Digitales Basteln: Das Get-Together für Maker*innen
Zum Abschluss des Camps fand am Freitagnachmittag das Get-Together für Maker*innen statt. Dabei wurden verschiedene Maker-Projekte von Studierenden der Hochschule Merseburg aus den Seminaren „Digitale Kultur, DIY, Maker“ (Bachelor) und „Wissenschaftliches Praxisprojekt: Digitales Basteln“ (Master) ausgestellt. So konnten die Semesterarbeiten in einem würdigen Rahmen präsentiert werden. Zusätzlich stellten die Maker Days for Kids Leipzig und die HABA Digitalwerkstatt ihre Arbeit vor.

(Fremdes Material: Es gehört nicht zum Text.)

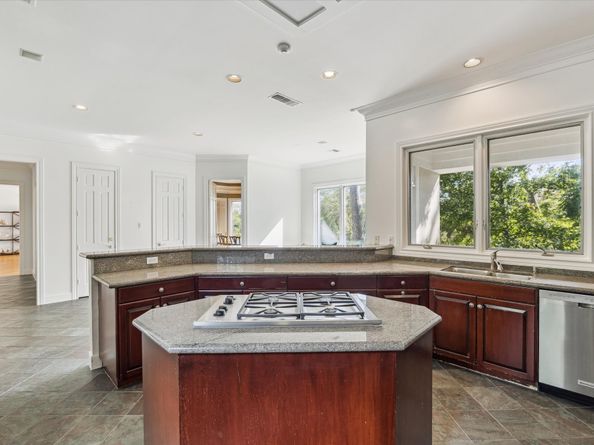 10243 Pineland Drive, Houston TX 77024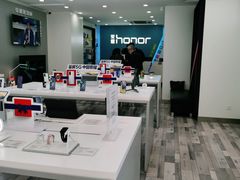 -荣耀授权专卖店(黄浦浙江中路店)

Im Bereich Making und Maker-Education entstehen Projekte, die zum einen bekannte Technologien und Tools wie LEDs, leicht programmierbare Mikrocontroller (z. B. Calliope) oder Arduinos nutzen. Andererseits spielen hier auch Aspekte des Selbermachens und Verstehens der Technik durch Aneignung dieser eine große Rolle. Durch den niedrigschwelligen Zugang sind unterschiedliche Projekte möglich, die außerdem Spaß machen. Auf sogenannten „MakerFaires“ kommen dann unterschiedliche Akteur*innen zusammen, die ihre Arbeit vorstellen, Produkte präsentieren, aber auch von der Schwarmintelligenz der Anderen profitieren, die ganz eigene Ideen beisteuern, Verbesserungsvorschläge oder weitere Möglichkeiten äußern und schlichtweg miteinander ins Staunen kommen können.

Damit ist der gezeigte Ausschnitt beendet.